Hopefully you have a glut of tomatoes just ripening because tomatoes are rich in both folic acid and alpha lipoic acid – both are important in fighting depression. Research completed in Japan assessed the mental health and dietary habits of 986 people aged over 70. They found that those who reported eating tomatoes two to six times a week were 46% less likely to report mild or severe symptoms of depression than those who said they ate tomatoes less than once a week.


4.  Beetroot


Beetroot has been listed as a superfood for a long time now. It is a good source of iron and folate (naturally occurring folic acid) and is linked to improving exercise performance because it is low in calories and high in sugar. As well as lowering blood pressure beets also release energy slowly making you feel more active for longer. It was also used as viagra by the Romans!


5. Walnuts


A study published in the British Journal of Psychiatry links the rise of psychiatric disorders in the western world to the reduction of Omega-3 in our diets. Walnuts are one of the richest plant based sources of omega-3 and as well as being a good source of folic acid, are a key helper in reducing anxiety. Walnuts are particularly good for women’s health and research suggests that those who eat a handful a week are “more active, independent and vigorous in old age”!


6. Dark chocolate


Good news, a small amount of dark chocolate at least once a week has a significant impact on brain function!
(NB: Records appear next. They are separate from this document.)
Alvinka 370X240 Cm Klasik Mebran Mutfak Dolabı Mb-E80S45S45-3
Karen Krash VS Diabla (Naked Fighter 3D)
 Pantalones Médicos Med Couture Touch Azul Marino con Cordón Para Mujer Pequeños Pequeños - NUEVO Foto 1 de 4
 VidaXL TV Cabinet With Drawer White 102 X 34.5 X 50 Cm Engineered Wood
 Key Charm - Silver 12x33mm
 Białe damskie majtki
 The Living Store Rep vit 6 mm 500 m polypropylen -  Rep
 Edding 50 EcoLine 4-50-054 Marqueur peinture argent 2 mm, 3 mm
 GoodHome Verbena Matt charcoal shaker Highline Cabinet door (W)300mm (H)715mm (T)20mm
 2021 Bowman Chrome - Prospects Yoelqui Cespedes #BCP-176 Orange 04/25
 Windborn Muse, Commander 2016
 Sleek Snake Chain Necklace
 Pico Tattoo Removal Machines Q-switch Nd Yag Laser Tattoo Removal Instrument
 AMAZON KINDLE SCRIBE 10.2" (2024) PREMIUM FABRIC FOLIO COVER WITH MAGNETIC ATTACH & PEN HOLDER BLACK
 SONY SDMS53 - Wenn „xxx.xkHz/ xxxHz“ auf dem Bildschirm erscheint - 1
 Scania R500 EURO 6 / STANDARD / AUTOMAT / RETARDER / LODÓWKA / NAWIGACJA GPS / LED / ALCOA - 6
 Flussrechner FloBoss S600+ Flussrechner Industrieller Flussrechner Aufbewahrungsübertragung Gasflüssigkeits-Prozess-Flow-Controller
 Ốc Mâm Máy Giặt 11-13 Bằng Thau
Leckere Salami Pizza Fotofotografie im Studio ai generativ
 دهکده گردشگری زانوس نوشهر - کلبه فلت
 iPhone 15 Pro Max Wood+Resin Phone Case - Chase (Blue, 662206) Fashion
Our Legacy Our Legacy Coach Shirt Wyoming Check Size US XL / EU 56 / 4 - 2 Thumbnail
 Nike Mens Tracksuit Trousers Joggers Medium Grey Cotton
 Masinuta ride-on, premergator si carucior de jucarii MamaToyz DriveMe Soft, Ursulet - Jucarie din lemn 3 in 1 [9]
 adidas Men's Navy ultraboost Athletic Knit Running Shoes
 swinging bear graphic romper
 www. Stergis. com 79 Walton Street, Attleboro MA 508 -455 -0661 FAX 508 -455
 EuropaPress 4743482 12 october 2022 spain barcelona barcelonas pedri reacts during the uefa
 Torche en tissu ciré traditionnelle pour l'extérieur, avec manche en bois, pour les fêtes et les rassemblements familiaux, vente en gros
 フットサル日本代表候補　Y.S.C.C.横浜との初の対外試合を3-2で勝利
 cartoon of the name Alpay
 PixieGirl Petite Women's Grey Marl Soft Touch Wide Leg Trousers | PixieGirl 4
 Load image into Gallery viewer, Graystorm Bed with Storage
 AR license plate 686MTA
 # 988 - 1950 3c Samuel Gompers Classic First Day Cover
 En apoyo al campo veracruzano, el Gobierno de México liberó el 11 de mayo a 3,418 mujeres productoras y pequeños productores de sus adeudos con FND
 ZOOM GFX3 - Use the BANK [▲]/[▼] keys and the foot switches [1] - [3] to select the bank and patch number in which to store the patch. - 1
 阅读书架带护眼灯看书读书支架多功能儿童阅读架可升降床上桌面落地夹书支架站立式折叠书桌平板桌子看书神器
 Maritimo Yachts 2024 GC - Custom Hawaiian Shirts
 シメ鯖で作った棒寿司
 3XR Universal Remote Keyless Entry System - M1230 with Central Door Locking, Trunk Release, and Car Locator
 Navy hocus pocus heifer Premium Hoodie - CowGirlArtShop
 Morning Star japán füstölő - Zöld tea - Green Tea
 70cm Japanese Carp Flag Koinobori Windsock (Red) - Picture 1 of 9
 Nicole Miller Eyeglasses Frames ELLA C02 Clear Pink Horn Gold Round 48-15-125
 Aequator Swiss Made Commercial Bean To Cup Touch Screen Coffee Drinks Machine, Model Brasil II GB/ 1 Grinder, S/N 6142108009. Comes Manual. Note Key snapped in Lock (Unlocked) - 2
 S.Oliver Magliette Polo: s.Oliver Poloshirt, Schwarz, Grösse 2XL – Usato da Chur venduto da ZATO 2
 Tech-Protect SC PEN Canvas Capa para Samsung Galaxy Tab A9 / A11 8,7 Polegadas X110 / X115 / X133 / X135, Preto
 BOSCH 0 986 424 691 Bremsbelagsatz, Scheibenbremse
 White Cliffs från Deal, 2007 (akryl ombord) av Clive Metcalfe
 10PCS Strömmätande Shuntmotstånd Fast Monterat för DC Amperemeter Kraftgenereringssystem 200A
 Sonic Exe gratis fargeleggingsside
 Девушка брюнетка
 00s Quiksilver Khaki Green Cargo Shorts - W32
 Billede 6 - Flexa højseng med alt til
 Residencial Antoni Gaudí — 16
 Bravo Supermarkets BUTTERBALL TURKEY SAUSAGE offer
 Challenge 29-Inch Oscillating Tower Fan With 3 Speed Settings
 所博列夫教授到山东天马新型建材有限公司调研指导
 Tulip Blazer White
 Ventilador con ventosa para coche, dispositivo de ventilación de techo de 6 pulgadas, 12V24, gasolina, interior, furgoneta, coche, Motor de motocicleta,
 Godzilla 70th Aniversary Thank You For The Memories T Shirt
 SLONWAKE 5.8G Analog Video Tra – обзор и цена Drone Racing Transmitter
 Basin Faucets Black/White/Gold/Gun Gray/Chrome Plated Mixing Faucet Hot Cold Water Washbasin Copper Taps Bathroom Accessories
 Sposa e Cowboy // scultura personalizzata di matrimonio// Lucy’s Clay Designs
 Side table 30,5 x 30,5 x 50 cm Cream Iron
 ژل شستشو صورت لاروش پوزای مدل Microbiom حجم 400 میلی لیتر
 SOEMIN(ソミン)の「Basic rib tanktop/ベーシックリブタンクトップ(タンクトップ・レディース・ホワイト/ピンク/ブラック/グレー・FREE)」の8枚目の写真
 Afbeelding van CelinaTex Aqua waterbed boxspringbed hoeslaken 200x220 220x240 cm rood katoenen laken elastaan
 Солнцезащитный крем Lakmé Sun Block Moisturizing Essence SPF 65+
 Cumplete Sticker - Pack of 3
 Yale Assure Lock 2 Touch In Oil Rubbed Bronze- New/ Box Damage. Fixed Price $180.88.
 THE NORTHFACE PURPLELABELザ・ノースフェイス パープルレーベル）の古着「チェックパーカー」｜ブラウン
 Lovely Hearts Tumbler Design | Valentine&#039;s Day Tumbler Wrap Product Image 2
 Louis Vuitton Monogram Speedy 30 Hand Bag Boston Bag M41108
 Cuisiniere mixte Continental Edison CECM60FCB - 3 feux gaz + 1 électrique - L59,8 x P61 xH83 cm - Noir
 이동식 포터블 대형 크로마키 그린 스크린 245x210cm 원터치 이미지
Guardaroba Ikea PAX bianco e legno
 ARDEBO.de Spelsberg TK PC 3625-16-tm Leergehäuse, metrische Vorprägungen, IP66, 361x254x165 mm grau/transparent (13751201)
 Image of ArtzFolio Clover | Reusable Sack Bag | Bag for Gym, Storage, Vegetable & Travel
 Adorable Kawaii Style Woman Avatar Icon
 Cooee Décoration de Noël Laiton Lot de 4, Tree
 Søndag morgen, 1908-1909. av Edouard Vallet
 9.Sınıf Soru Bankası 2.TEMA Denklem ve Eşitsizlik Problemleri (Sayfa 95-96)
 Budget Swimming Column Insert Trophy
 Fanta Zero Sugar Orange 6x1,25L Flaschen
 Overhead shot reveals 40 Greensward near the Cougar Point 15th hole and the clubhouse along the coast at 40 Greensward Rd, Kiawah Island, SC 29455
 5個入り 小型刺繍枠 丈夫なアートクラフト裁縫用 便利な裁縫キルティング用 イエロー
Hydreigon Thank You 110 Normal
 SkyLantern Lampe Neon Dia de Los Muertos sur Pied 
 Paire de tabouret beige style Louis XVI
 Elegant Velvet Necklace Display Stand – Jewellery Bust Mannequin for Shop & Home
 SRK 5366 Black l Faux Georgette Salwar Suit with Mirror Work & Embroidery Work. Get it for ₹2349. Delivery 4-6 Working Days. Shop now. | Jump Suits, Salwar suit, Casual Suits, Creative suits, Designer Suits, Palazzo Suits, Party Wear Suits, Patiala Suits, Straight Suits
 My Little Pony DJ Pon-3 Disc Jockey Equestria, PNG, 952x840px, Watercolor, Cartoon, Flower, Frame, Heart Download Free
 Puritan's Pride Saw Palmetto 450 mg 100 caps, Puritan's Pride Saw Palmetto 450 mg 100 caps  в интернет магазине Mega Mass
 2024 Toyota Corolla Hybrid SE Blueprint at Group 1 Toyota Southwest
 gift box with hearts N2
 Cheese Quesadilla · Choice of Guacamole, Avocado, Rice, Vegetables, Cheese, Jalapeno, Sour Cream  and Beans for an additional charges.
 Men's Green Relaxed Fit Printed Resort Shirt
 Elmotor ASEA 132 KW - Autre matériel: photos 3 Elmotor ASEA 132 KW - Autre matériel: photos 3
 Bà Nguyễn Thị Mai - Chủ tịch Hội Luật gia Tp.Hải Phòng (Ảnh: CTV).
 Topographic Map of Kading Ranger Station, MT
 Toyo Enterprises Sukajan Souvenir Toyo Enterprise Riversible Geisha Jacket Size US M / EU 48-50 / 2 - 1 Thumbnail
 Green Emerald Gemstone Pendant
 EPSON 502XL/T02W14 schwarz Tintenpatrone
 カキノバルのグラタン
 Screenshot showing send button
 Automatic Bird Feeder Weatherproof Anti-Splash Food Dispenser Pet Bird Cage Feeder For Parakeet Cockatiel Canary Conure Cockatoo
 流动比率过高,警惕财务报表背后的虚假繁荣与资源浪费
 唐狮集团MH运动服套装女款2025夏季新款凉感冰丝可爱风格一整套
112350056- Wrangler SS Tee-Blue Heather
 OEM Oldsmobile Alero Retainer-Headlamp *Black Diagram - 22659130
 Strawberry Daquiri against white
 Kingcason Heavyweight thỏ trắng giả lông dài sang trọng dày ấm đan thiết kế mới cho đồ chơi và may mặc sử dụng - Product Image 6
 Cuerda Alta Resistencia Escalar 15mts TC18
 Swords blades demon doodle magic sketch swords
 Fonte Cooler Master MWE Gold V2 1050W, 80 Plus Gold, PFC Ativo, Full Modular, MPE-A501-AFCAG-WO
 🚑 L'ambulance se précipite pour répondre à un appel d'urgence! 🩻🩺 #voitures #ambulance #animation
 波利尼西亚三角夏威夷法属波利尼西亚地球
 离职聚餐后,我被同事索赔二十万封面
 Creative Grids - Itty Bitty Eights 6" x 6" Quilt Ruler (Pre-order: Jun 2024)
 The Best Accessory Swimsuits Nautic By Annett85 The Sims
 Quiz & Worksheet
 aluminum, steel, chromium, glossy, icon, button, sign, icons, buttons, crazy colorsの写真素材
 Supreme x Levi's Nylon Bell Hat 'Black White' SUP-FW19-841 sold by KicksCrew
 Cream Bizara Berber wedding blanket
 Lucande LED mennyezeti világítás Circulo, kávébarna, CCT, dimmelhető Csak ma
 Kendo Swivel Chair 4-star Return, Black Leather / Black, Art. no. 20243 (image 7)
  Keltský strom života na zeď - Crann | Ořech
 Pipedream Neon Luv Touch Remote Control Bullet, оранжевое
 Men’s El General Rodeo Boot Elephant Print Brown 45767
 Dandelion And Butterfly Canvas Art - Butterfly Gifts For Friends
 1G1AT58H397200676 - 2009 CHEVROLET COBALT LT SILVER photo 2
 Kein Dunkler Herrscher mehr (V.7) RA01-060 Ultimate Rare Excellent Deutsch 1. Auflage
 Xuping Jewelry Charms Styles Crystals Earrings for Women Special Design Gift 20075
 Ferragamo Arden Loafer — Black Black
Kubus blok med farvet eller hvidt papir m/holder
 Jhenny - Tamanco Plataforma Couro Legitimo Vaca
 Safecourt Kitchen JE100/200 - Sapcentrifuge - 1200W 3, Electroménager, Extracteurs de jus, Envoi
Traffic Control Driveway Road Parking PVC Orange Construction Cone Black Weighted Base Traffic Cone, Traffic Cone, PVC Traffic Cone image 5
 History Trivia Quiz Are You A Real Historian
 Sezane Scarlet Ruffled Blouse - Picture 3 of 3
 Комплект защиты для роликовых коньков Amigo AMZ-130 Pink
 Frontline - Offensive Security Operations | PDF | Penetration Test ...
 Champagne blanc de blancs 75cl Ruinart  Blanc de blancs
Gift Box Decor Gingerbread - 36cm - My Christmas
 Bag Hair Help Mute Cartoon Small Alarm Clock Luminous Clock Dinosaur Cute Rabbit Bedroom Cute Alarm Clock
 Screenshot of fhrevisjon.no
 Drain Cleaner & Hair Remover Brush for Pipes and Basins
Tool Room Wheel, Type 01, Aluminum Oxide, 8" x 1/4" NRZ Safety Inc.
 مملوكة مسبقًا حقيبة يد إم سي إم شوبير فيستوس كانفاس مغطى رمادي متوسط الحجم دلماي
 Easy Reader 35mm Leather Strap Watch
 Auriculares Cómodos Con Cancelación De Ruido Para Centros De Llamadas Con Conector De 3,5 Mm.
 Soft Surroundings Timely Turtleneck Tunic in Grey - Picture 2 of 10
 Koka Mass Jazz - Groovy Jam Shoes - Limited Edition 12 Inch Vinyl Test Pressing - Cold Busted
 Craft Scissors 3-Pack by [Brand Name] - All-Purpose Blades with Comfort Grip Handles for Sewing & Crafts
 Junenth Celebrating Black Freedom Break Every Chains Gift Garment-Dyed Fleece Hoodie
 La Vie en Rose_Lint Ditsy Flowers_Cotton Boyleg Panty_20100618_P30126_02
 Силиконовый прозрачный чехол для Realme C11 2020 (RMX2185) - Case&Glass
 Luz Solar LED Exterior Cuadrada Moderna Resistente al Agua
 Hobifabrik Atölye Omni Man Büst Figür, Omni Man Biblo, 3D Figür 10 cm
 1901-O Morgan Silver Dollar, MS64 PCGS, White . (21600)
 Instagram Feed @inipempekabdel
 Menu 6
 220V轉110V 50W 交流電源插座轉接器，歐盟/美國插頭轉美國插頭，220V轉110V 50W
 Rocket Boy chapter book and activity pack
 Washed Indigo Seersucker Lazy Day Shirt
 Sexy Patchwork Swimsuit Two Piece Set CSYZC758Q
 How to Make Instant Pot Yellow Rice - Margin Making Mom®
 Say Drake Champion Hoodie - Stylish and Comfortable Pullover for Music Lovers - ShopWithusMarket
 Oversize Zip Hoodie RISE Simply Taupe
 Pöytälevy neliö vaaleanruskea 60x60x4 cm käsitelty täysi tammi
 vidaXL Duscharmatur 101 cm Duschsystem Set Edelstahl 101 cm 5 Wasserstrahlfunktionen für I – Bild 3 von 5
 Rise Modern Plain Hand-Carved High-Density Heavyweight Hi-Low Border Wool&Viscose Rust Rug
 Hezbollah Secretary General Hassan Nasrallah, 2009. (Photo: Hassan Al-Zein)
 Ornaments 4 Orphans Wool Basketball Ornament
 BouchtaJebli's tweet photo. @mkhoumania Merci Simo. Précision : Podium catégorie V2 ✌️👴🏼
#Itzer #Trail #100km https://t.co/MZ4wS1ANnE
A study done over 40 years assessing the link between blood pressure and brain performance had not considered chocolate as part of the story. It found though “that people who eat chocolate at least once a week tend to perform better cognitively“. The researcher behind this study found it’s effect “significant” and said “it touches a number of cognitive domains.” See the Washington Post article on the ‘chocolate effect’.


7. Marmite


Love it or hate it Marmite is a good source of vitamin B-12, hailed as one of the key depression fighting vitamins. Banned in Denmark for being too rich in B vitamins the UK is firmly behind the health benefits of Marmite and it remains a key way to get a regular boost of B-6 and B-12. It is also packed full of niacin which reportedly helps our immune systems fight bacteria, up to 1,000 times better. And it’s supposed to be a useful as a mosquito repellent, who’d have thought it?!. Read about it here.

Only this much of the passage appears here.